I understand how I wire each leg of the 220v line to the 3 phase motor, and then feed the 3 phase with these two legs, plus the 'phantom' leg generated form the 3 phase motor, but where does the neutral wire come in?

Also, the lathe came with a 4 prong twist log plug.  I picked up a 4 lug socket at Menards, which wire goes to which lug?

Thanks for the help.


----------



## bcall2043 (Jan 27, 2013)

jschance said:


> I'm in the process of building a rotary phase convertor out of a 5hp 3 phase motor (I need to test out the motor on my SB Lathe), and I'm missing something.
> 
> What do I do with the neutral wire?
> 
> ...



I am no electrician nor have I played one on TV but I have found that “Ugly’s Electrical References” handbook is a good place to find a lot of the electrical answers if you take time to study the info there. It has all the wiring info for the different types of electrical plugs. The link here http://www.cooperindustries.com/con.../literature/lit_pdf/O-Technical Reference.pdf  was referenced in “Ugly’s” and should guide you through the wiring details.

The wiring supply to your rotary phase converter should have at least three wires going to it, two hot wires and a ground. If you need an 110V supply inside the phase converter (for relays or lights) you should use a four wire supply, two hot wires, a neutral, and a ground. *Note* that when using the three wire supply that the third wire is ground not a neutral. Always provide a correctly connected ground to your machines!

Coming out of your rotary phase converter you should have 4 wires. Three "hot" wires (two original supply hot wires and the "phantom") from the idler motor windings and a ground. These should be wired to match your machine plug which should be wired to your machine according to the NEMA wiring diagram configuration. 

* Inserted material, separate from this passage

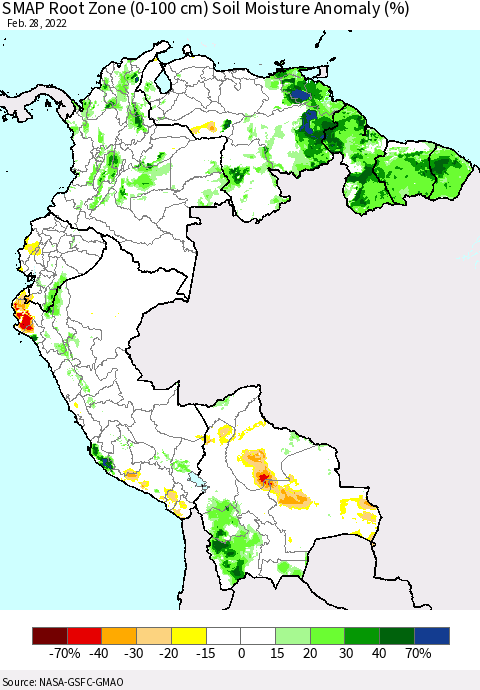 Northern South America SMAP Root Zone (0-100 cm) Soil Moisture Anomaly (%) Thematic Map For 2/26/2022 - 2/28/2022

Note that the plugs are "phase and current" specific by NEMA standards.

Hope this helps.

Benny
The Orphanage Never Closes

*EDIT - additional:*
I just assumed you had already built your rotary phase converter from plans you had gotten somewhere and were just asking questions about how to make the connections to your lathe. After seeing Richards post I thought "maybe not". There is more than just what I said. Let us know what you have connected up. As Richard mentions the phase converter can be rope-start or they can be self-start, simple or more complex! There are plenty of plans out there. I picked the self-start version when I built mine. A few more parts and work up front but easy push-a-bottom down the road.
Benny


----------



## Richard King (Jan 27, 2013)

My Dad  told me when he opened his shop in NE MPLS back in 1955, that area did not have 3 phase power and the power company showed him how to make a phase converter.  He said a few years later they brought in 3 phase to the area and he never hooked up, just used his home made phase converter.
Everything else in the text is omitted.